Minimize Number of Boolean Formulas that Evaluate to True

I'm interested in a MinSat variant: given a list of boolean formulas like

example1 = {a[1] ⊻ a[3] ⊻ a[4] ⊻ a[6] ⊻ a[10],  a[3] ⊻ a[4] ⊻ a[5] ⊻ a[6] ⊻ a[7],  a[3] ⊻ a[5] ⊻ a[8]}
example2 = {a[1] ⊻ a[2], a[2] ⊻ a[6] ⊻ a[10],  a[2] ⊻ a[9],  !(a[6] ⊻ a[9])}


find an assignment to the a[i] that minimizes the total number of formulas in the list that evaluate to True.

More information: The formulas all look like Xor[..., ..., ...] or Not@Xor[..., ..., ...]. The number of variables and clauses is not fixed; code to create samples of this form is

genexample[m_Integer, n_Integer] := Xor @@@ Table[
({True}~Join~Table[a[i], {i, 1, n}]) RandomChoice[{.8, .2} -> {0, 1}, n + 1] // Total,
{m}
] // DeleteCases[_Integer|True|False]


My own crude way of solving this so far is using NMinimize, in the following fashion:

jossolver[example_]:=Module[{alg},
(* translate to a list of algebraic expressions *)
alg = example /. {Xor -> f, Not -> g} //. {g[sth_] :> 1 + sth,
f[sth__] :> Total@{sth}};

(* minimize sum of terms, each taken modulo 2 *)
NMinimize[
Total@(Mod[#, 2] & /@ alg),
ReduceFreeVariables[alg] \[Element] Integers,
Method -> "SimulatedAnnealing"
] /. Rule[var_, val_] :> (var -> Mod[val, 2])
]


This is of course neither optimized, nor elegant, nor something that works well for large m and n; it might not even find the global minimum. It works reasonably ok for, say, n=m=20, but if possible I'd like to solve such instances for m=n=100 or even larger within a few seconds (or faster?).

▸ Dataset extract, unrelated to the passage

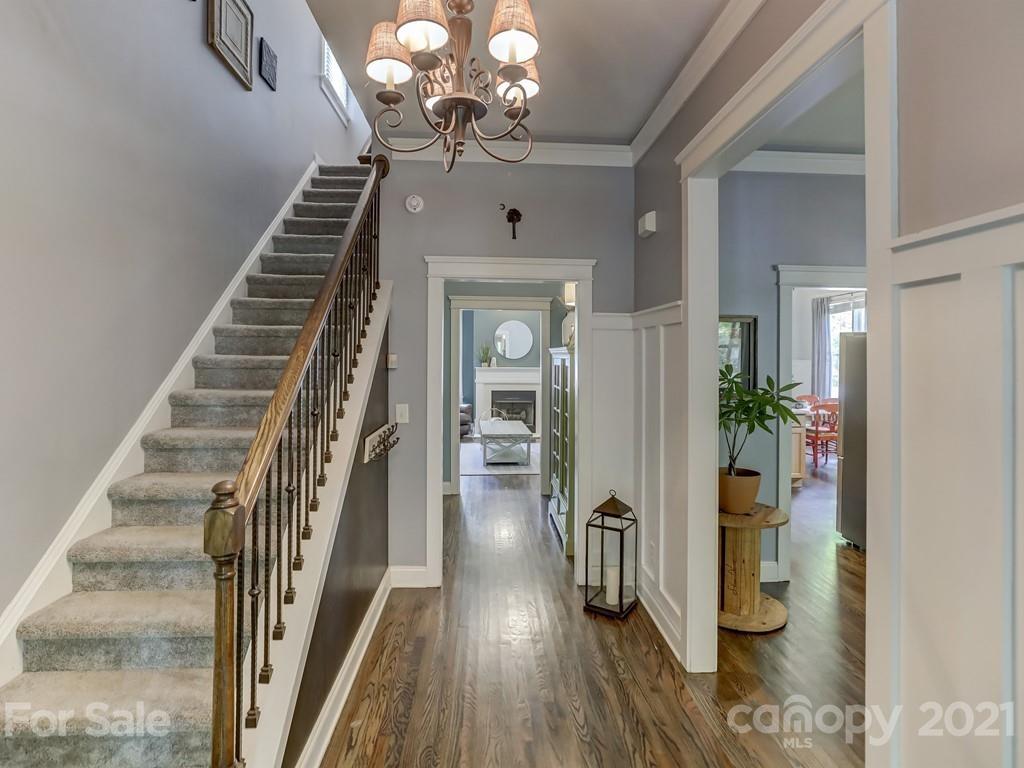 3035 Colonel Springs Way Fort Mill, SC 29708 - Photo 8 of 48 a view of a hallway with wooden floor and staircase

Approximate solutions (such as mine) are not ideal, but ok.

"Fast" is of course subjective; I'm just interested in a solution that's faster than what I tried. I realize of course that this problem is NP hard, but that doesn't mean one cannot solve small instances reasonably quickly. On my machine I get

Table[First@AbsoluteTiming[jossolver[genexample[20, 20]]], {20}] // MeanAround
(* == 1.376 ± 0.013 *)


I'm grateful for any attempts!

• It works for me for Table[First@AbsoluteTiming[jossolver[genexample[100, 100]]], {20}], outputting {15.8332, 14.9384, 14.5264, 14.6845, 14.5709, 14.5643, 14.7029, 14.6103, 14.6754, 14.5772, 14.6466, 14.6076, 14.5993, 14.6325, 14.7242, 14.7133, 14.7002, 15.6228, 14.9258, 14.6775} if Method-> "SimulatedAnnealing" is replaced by Method->"DifferentialEvolution". – user64494 Feb 24 at 8:54
• Indeed, good point. Swapping out the optimizer seems to yield a speedup; I originally used SimulatedAnnealing since it didn't complain about non-convergence within the specified number of iterations. – J Bausch Feb 24 at 11:28

Replacing the NMinimize part of you code by

NMinimize[Total@(Mod[#, 2] & /@ alg),
ReduceFreeVariables[alg] \[Element] Integers, Method -> "DifferentialEvolution",
PrecisionGoal -> 2, AccuracyGoal -> 2, MaxIterations -> 200]


and executing

Table[First@AbsoluteTiming[jossolver[genexample[100, 100]]], {20}]//MeanAround


, I obtain

15.16[PlusMinus]0.13

and several warnings. It is difficult to improve your little commented code (A good code is a commented code.).